Le 1er mars 2019, une restructuration profonde du domaine de l’asile est entrée en vigueur. Son objectif principal était d’accélérer les procédures, ce qui devait être réalisé en centralisant l’hébergement des demandeurs d’asile dans de grands centres fédéraux et en raccourcissant tous les délais de procédure. Pour garantir l’État de droit, des représentant-e‑s juridiques financé-e‑s par l’État (aussi appelé-e‑s « protection juridique ») ont été mis-e‑s en place pour assurer la représentation juridique de toutes les personnes en demande d’asile. La Coalition des juristes indépendant-e‑s dresse ici un bilan de la première année de mise en œuvre sur la base d’une évaluation qualitative et quantitative tant de ses propres données que de statistiques accessibles au public. L’ODAE-Suisse est membre de la Coalition.
Dans un réportage dans la Tagesschau du 7 octobre 2020, Noémi Weber, secrétaire générale de l’ODAE-Suisse, s’exprime de manière critique sur la nouvelle procédure d’asile.

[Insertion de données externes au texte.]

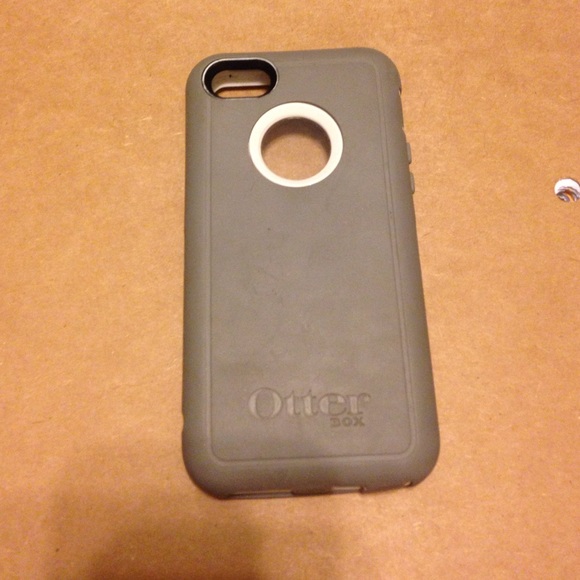 Grey and White OtterBox for 5c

Aldo Brina du Centre social protestant Genève et membre de la Coalition, prend également position sur le sujet dans l’actualité de la RTS du 7 octobre 2020. Par ailleurs, le Temps («Le système d’asile suisse de nouveau remis en question» du 7 octobre 2020), la WOZ (article «Amtlich bewilligte Pfuscherei» du 8 octobre 2020) et Watson («Beschleunigte Asylverfahren erneut in der Kritik», 8 octobre 2020) reprennent le sujet.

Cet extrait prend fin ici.